Airbus Group’s tie-up with Uber to test-market extending ridehailing services to include helicopter flights has stumbled after local opposition prompted the speedy halt of a pilot project at the Sundance Film Festival, but further trials are planned this year.

Project Ponton to facilitate consumer access to helicopters by fielding a single smartphone app for booking cars and flights is the first venture to be announced by A3, the Silicon Valley technology and business innovation center established by Airbus Group in May 2015.
The first trial was a small-scale pilot with Uber and helicopter operator AirResources to provide an UberChopper service with Airbus Helicopters H125s at Sundance, in Park City, Utah.
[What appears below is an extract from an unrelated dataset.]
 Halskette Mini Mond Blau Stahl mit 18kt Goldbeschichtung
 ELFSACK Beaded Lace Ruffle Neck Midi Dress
Airbus Group CEO Thomas Enders revealed the project at a technology conference in Germany on Jan. 18, but flights were halted almost as soon as they began.
“After the first day of operation, there was a bit of a kerfuffle with local government officials who scrambled to get the service shut down under pressure from a few wealthy landowners,” A3 CEO Paul Eremenko said. “They lost in court, but in the spirit of the festival and out of respect for the local community, we ceased operations early,” he said.
The goal of project Ponton—named after helicopter pioneer Gustave de Ponton d’Amécourt—is to facilitate seamless, on-demand access to helicopters, and ground transportation for the “first and last mile,” as part of a single smartphone app transaction. “We will see what we get out of it [at Sundance],” Enders told the Digital-Life-Design conference in Munich.